Crude inventories fell 1.4 million barrels in the week ending Sept. 26, according to the weekly figures from the Energy Information Administration, compared with analysts' expectations for an increase of 700,000 barrels. Modest draws in eastern U.S. areas offset a larger build in West Coast stocks.
"In spite of fall refinery maintenance and high U.S. crude production, we are not seeing an overhang, which is bullish for WTI," said Dominick Chirichella, senior partner, Energy Management Institute, New York.
U.S. crude futures rose by more than 40 cents after the data, building on an earlier rebound led by New York gasoline futures following an expiry squeeze.
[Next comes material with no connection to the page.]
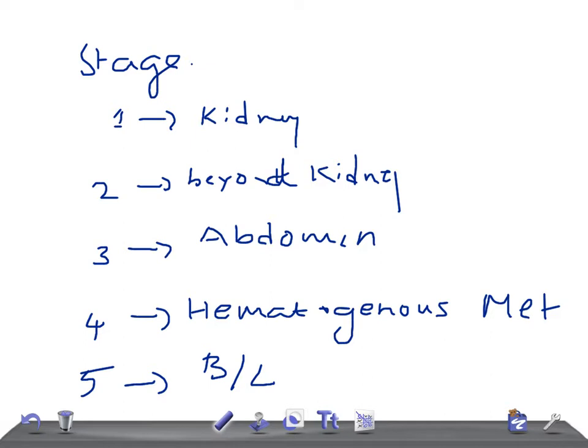Stage one is kidney involvement only, limited to the kidney and can be removed with intact capsule. Stage two grows beyond the kidney but can be removed completely. Stage three spreads to the abdomen as non-hematogenous extension. Stage four is hematogenous metastasis and stage five is bilateral renal metastasis.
RBOB gasoline was up 1.6 percent after the data showed stocks of the motor fuel fell 1.8 million barrels to their lowest level since November 2012.
U.S. oil prices suffered their biggest one-day drop since 2012 on Tuesday and are struggling to recover from near their lowest prices in almost a year and a half.
"Every time oil rises, it falls on fear of slowing economies and ample supply. The market is still looking for a bottom," said Gene McGillian, analyst, Tradition Energy in Stamford, Connecticut.
Crude stocks at the Cushing, Oklahoma, delivery hub rose 315,000 barrels, EIA said.
The overall decline in crude stocks came despite refinery crude runs falling 525,000 barrels per day, EIA data showed. Utilization rates dropped 3.6 percentage points to 89.8 percent of total capacity as many plants began shutting for seasonal maintenance. Crude imports also rose last week by 379,000 bpd.
The EIA pegged U.S. domestic oil production at 8.8 million bpd, down 30,000 bpd from the previous week but still 1 million bpd more than a year ago due to booming shale production.
Distillate stockpiles, which include diesel and heating oil, fell 2.9 million barrels, versus expectations for a 100,000-barrel drop, the EIA data showed. (Reporting by Jonathan Leff; Editing by Marguerita Choy)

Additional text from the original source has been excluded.